Thursday, November 27, 2008

Last Refuge of Finger-Pointers

It's been decades since I've heard friends or business colleagues openly express racial or sexual prejudice. (My universe is America, not the middle-East or Al Qaeda.) Even ethnic jokes are rare. With one significant exception: WASPs, especially southern evangelicals and white conservatives, north or south. They're called "rednecks" or "hillbillies"--Sarah Palin drew both--and epithets against them are excluded from their definition of assault, prejudice, hate speech, and the expanding list of what "not funny."

University of Washington student and columnist Russ Wung sees conservatives as less biased, but not free from flack for "fly-over country":
People on the East and West Coasts tend to think of themselves as superior to everyone else. I am part of this imaginary "master race," as are most of us at the UW. We are given to imagining ourselves as more sophisticated, more tolerant, more world-wise and, essentially, above the ignorance of the hillbillies that inhabit the rest of the country.

Many coastal inhabitants wish they could get rid of such people and become the United Municipalities of Portland, Seattle, San Francisco, Boston and New York -- minus those Bush-voting hicks on Staten Island.

This is not a political attitude, it is a cultural one, and one that afflicts people of all political persuasions in varying degrees.

These biases came through briefly for us conservatives in our treatment of Mike Huckabee during the primaries.
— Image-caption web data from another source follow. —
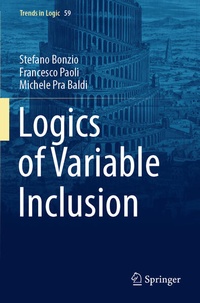 Enlarge image Cover: Logics of Variable Inclusion - Springer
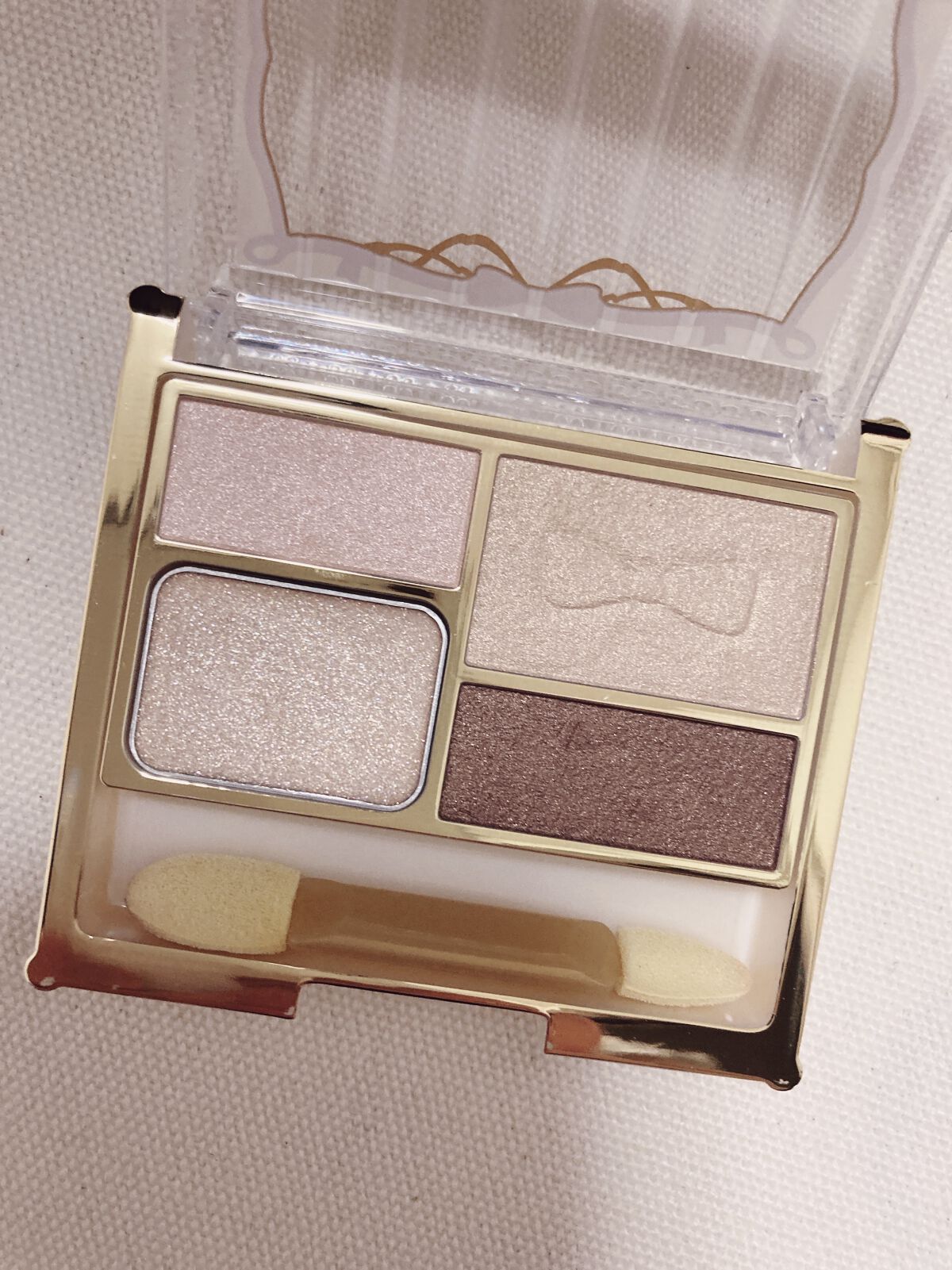 シャイニードルチェシャドウ/スウィーツ スウィーツ/アイシャドウパレットを使ったクチコミ（2枚目）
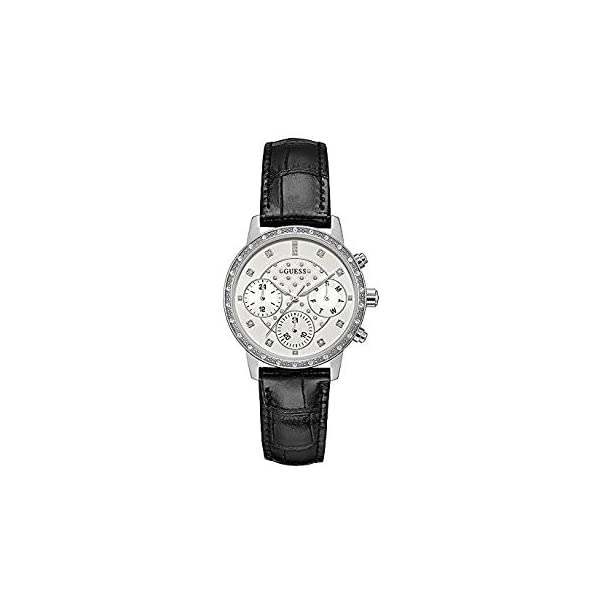 ゲス 腕時計 GUESS W0957L2 レディース 女性用 ウォッチ 時計 Guess Sunny Womens Analog Quartz Watch with Leather Bracelet W0957L2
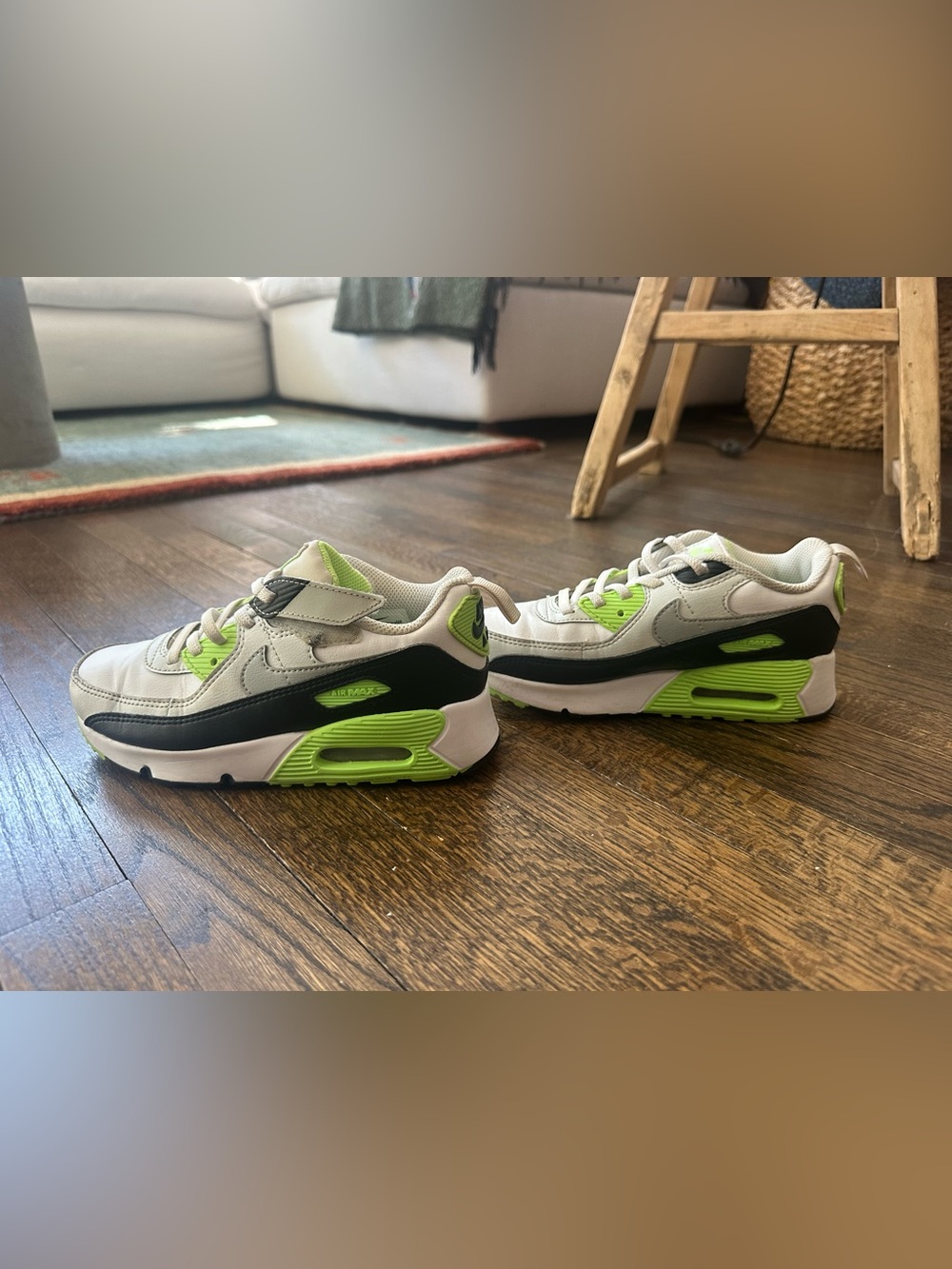 Nike Kids' Air Max Trainer in White and Volt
Though what was really bothering us was his harebrained economic populism, some of us were sometimes prone to mocking his Southern Baptist mannerisms and those of his supporters instead of really articulating our concerns. We should have challenged Huckabee on the issues instead.

For the other side, there was Sarah Palin, the most abused person in the 2008 election. . . The McCain campaign had a good quarterback but made the wrong plays; it overemphasized Palin's humble origins and personal traits while failing to capitalize on her successful record as a corruption-fighter and governor. This unfortunate dumbing-down played into the stereotypes fostered by regionalist bias -- she doesn’t talk like us, likes guns, doesn’t agree with our politics and comes from a rural background; ergo, she’s a stupid redneck. More than anything else, this gut hatred of a certain segment of our country drove the anti-Palin hysteria.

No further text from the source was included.